Non-FTA approval for Bear Head is encouraging
On 8 February, the US DOE issued final authorization for Bear Head to export LNG derived from US-produced natural gas to countries without free trade agreements with the US. Bear Head is now the first and only proposed Canadian LNG export facility to obtain non‐FTA authority and all the initial regulatory approvals to commence project construction, with approvals achieved in less than 12 months. The DOE also declared that no permit was required for any Canadian gas to go through US pipelines in transit to the site.
These elements remove a key risk for the project and its ability to source gas from a range of sources. Currently, we assume that gas will either come from onshore gas supplied from the US (probably shale gas from the Marcellus) or from offshore Nova Scotia. These permits now clear the way for the project to source from either of the sources and export globally, which should increase the attractiveness of the project to both tolling partners and potential equity partners.

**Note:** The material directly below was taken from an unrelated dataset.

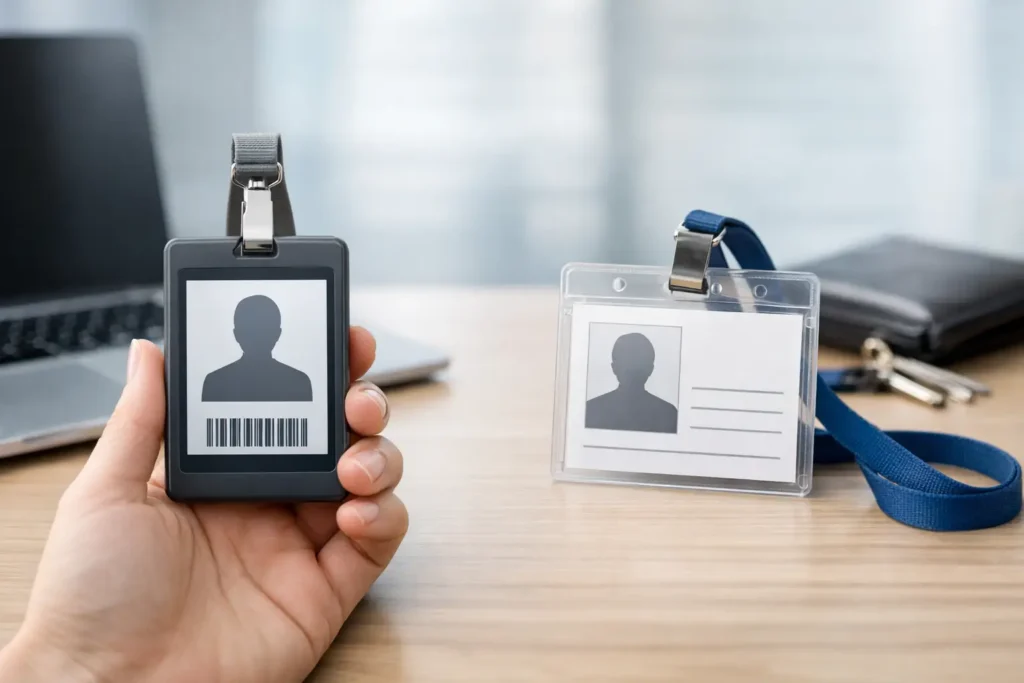 Badge digitale o tesserino cartaceo?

Other news – personnel changes
On 4 April 2016, LNGL announced that Maurice Brand, founder and long-time MD, was stepping down. He is to be replaced by Gregory (Greg) Vesey, a professional with 35 years’ experience at Chevron where he was responsible for global gas marketing and trading activity including extensive LNG development work. His previous appointments covered the introduction of new technology, international operations and included commercial and execution responsibilities as well as liaising with stakeholders. Maurice Brand will continue as an executive director (based on his existing Employment Agreement) until his retirement by June 2017.
On 20 November 2015, LNGL announced the appointment of Anthony Gelotti as chief development officer based in Houston, Texas, US. He brings a wealth of experience from Chevron LNG supply and trading.
LNGL also announced that Mr John Baguley, chief operating officer for Magnolia LNG will assume the additional responsibilities of LNGL’s chief technical officer. John, who is based in Houston, replaced Mr Paul Bridgwood, who wished to remain in Perth and left the company on 30 November 2015.
On 18 August 2015, LNGL announced the appointment of Ms Kinga Doris as general counsel and joint company secretary, based in Houston, Texas, US.